─── SUPPLIED RECORDS ───

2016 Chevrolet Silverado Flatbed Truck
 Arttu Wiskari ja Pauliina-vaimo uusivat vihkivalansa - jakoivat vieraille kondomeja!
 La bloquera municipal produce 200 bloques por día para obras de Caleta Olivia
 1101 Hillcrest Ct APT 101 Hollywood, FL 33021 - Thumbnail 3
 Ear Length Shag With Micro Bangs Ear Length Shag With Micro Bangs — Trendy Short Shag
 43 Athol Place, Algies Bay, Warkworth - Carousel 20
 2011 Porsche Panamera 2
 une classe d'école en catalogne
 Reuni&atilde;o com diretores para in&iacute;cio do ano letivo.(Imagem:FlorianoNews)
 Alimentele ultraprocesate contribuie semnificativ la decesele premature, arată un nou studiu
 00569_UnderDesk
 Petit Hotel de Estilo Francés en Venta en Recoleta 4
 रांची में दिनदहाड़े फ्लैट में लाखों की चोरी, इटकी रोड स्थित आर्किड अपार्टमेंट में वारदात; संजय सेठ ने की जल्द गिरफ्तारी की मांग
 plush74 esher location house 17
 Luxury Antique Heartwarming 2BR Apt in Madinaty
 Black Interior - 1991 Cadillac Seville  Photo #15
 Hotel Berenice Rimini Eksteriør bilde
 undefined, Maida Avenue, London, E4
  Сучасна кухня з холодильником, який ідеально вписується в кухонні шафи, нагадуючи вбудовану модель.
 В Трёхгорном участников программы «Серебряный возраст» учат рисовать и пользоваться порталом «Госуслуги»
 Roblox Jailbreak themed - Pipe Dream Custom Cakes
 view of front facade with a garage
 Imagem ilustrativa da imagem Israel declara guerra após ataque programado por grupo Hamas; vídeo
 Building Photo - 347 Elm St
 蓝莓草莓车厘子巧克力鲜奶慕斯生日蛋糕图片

───

◆ EXERCISE DETAILS
Each line of the material should be returned exactly as it stands.

◆ RESPONSE FOR THIS EXERCISE
2016 Chevrolet Silverado Flatbed Truck
 Arttu Wiskari ja Pauliina-vaimo uusivat vihkivalansa - jakoivat vieraille kondomeja!
 La bloquera municipal produce 200 bloques por día para obras de Caleta Olivia
 1101 Hillcrest Ct APT 101 Hollywood, FL 33021 - Thumbnail 3
 Ear Length Shag With Micro Bangs Ear Length Shag With Micro Bangs — Trendy Short Shag
 43 Athol Place, Algies Bay, Warkworth - Carousel 20
 2011 Porsche Panamera 2
 une classe d'école en catalogne
 Reuni&atilde;o com diretores para in&iacute;cio do ano letivo.(Imagem:FlorianoNews)
 Alimentele ultraprocesate contribuie semnificativ la decesele premature, arată un nou studiu
 00569_UnderDesk
 Petit Hotel de Estilo Francés en Venta en Recoleta 4
 रांची में दिनदहाड़े फ्लैट में लाखों की चोरी, इटकी रोड स्थित आर्किड अपार्टमेंट में वारदात; संजय सेठ ने की जल्द गिरफ्तारी की मांग
 plush74 esher location house 17
 Luxury Antique Heartwarming 2BR Apt in Madinaty
 Black Interior - 1991 Cadillac Seville  Photo #15
 Hotel Berenice Rimini Eksteriør bilde
 undefined, Maida Avenue, London, E4
  Сучасна кухня з холодильником, який ідеально вписується в кухонні шафи, нагадуючи вбудовану модель.
 В Трёхгорном участников программы «Серебряный возраст» учат рисовать и пользоваться порталом «Госуслуги»
 Roblox Jailbreak themed - Pipe Dream Custom Cakes
 view of front facade with a garage
 Imagem ilustrativa da imagem Israel declara guerra após ataque programado por grupo Hamas; vídeo
 Building Photo - 347 Elm St
 蓝莓草莓车厘子巧克力鲜奶慕斯生日蛋糕图片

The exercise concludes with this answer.